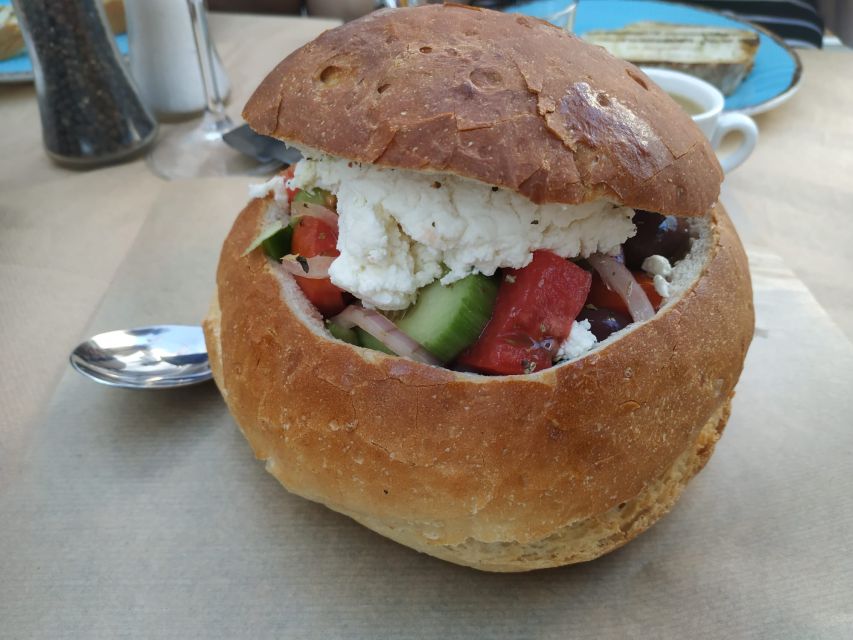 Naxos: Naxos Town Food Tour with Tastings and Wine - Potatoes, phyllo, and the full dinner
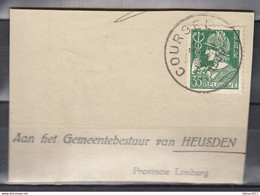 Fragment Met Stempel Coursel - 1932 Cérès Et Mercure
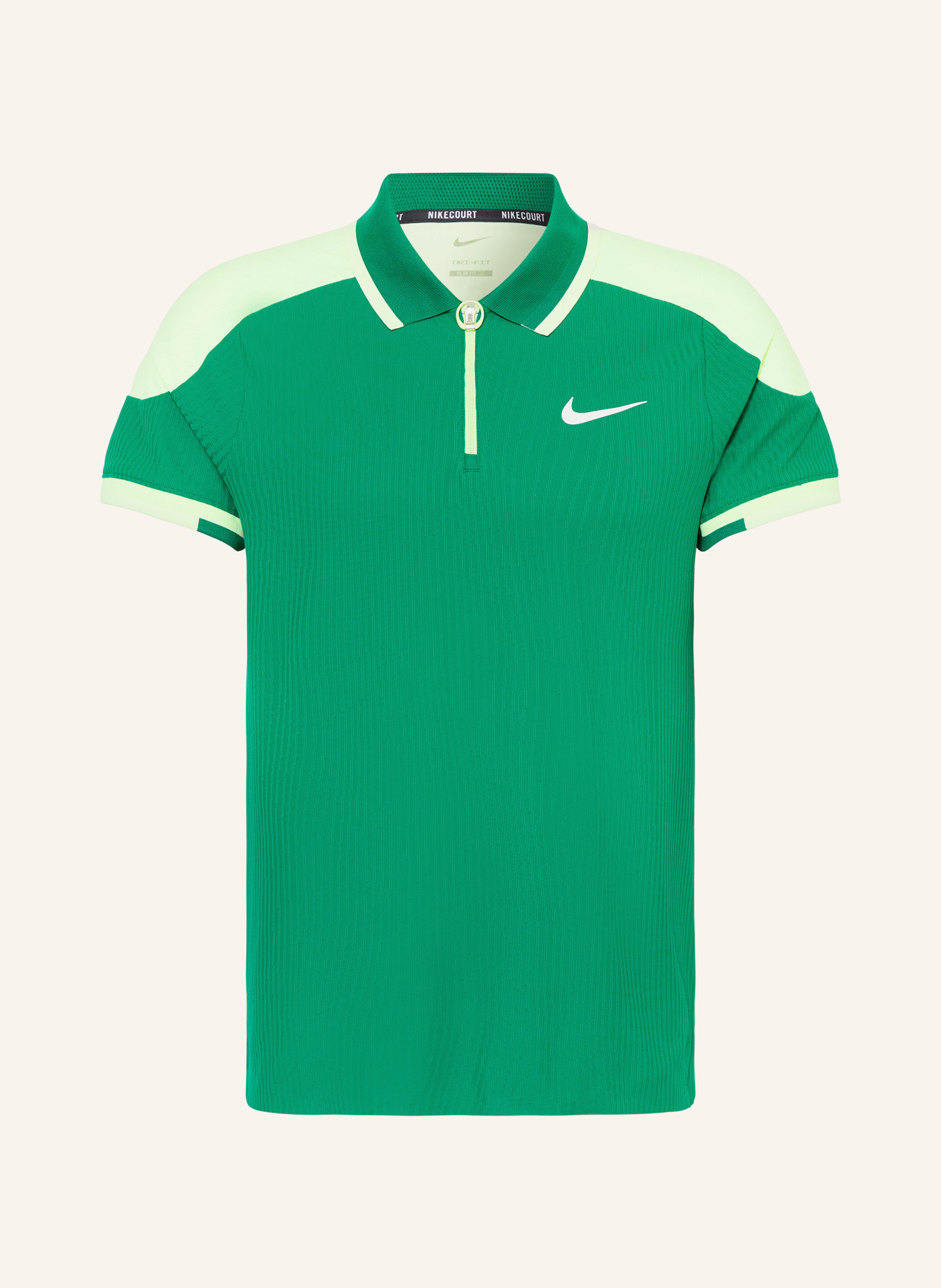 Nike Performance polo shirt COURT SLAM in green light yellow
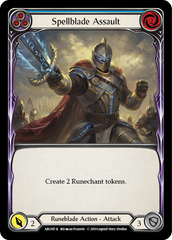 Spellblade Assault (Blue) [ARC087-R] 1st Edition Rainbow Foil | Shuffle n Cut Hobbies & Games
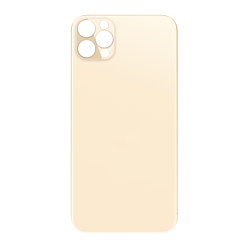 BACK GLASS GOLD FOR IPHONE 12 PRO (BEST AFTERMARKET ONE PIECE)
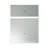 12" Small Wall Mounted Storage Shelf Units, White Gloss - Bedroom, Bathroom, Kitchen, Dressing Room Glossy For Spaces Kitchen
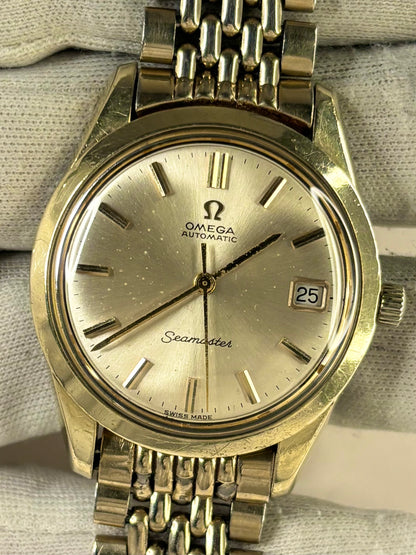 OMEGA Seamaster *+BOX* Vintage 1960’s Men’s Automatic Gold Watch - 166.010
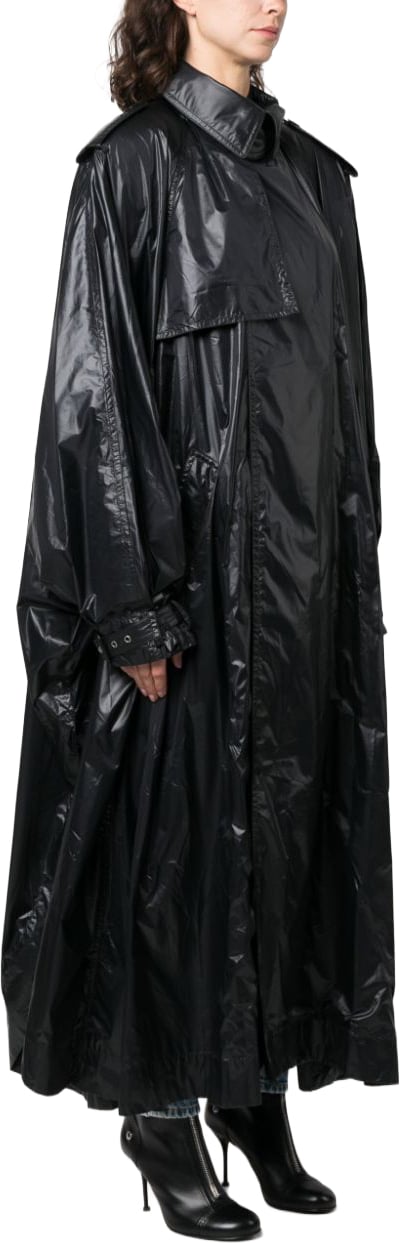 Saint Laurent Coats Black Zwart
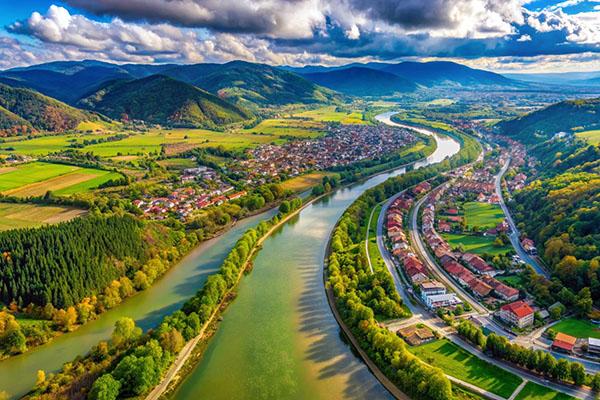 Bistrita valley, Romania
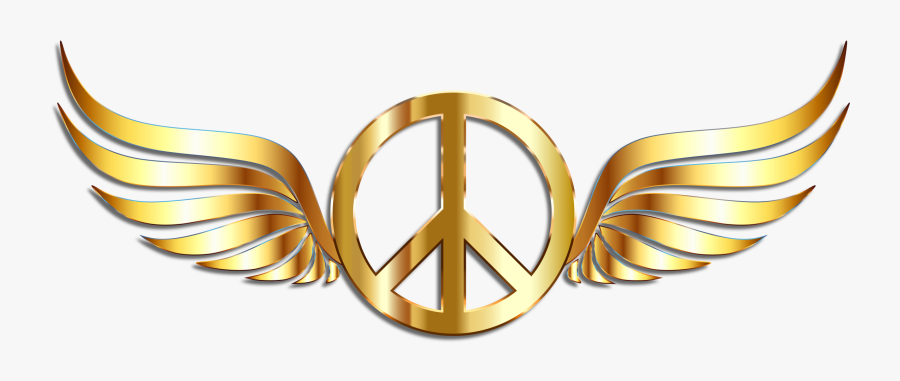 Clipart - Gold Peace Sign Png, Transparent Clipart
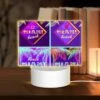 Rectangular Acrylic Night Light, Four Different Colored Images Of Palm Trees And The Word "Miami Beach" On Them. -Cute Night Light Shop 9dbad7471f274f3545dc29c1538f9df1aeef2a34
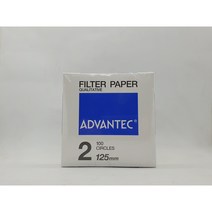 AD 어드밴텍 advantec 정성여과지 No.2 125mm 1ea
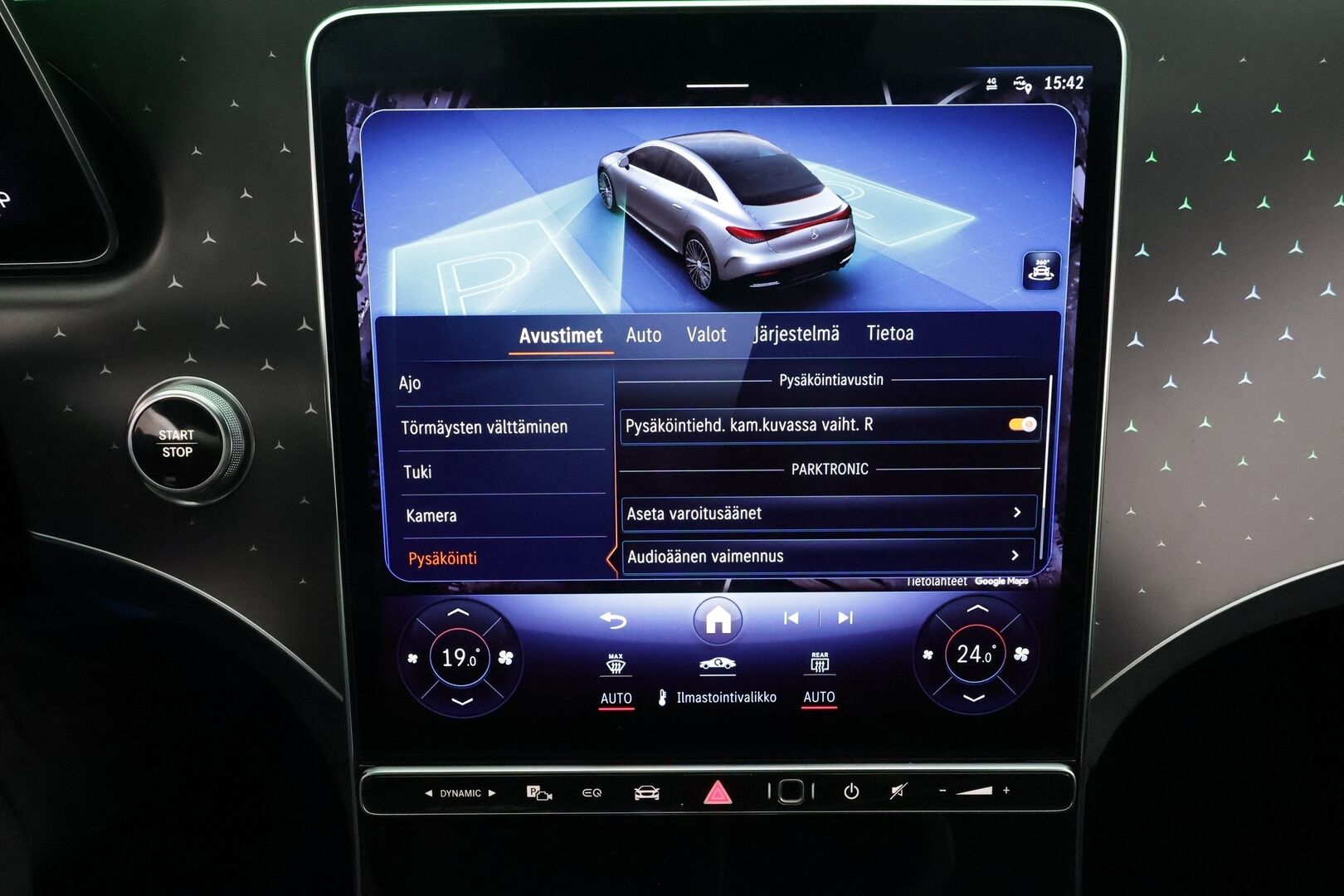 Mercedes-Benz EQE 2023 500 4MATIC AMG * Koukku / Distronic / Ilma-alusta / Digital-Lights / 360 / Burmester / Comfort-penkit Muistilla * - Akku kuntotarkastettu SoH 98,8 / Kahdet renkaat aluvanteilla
--
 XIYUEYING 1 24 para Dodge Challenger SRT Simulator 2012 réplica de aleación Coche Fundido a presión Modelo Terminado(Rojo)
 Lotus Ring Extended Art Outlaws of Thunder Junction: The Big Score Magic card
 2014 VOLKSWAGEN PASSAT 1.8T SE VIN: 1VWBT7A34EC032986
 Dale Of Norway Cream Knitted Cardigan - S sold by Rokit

— WHAT YOU WILL DO —
Reproduce the listing above only between the lines holding "Naxos: Naxos Town" and "Clipart - Gold", inclusive. Every line must match exactly, and pictures are dropped.

— EXERCISE SOLUTION —
 Naxos: Naxos Town Food Tour with Tastings and Wine - Potatoes, phyllo, and the full dinner
 Fragment Met Stempel Coursel - 1932 Cérès Et Mercure
 Nike Performance polo shirt COURT SLAM in green light yellow
 Spellblade Assault (Blue) [ARC087-R] 1st Edition Rainbow Foil | Shuffle n Cut Hobbies & Games
 BACK GLASS GOLD FOR IPHONE 12 PRO (BEST AFTERMARKET ONE PIECE)
 12" Small Wall Mounted Storage Shelf Units, White Gloss - Bedroom, Bathroom, Kitchen, Dressing Room Glossy For Spaces Kitchen
 OMEGA Seamaster *+BOX* Vintage 1960’s Men’s Automatic Gold Watch - 166.010
 Saint Laurent Coats Black Zwart
 Bistrita valley, Romania
 Clipart - Gold Peace Sign Png, Transparent Clipart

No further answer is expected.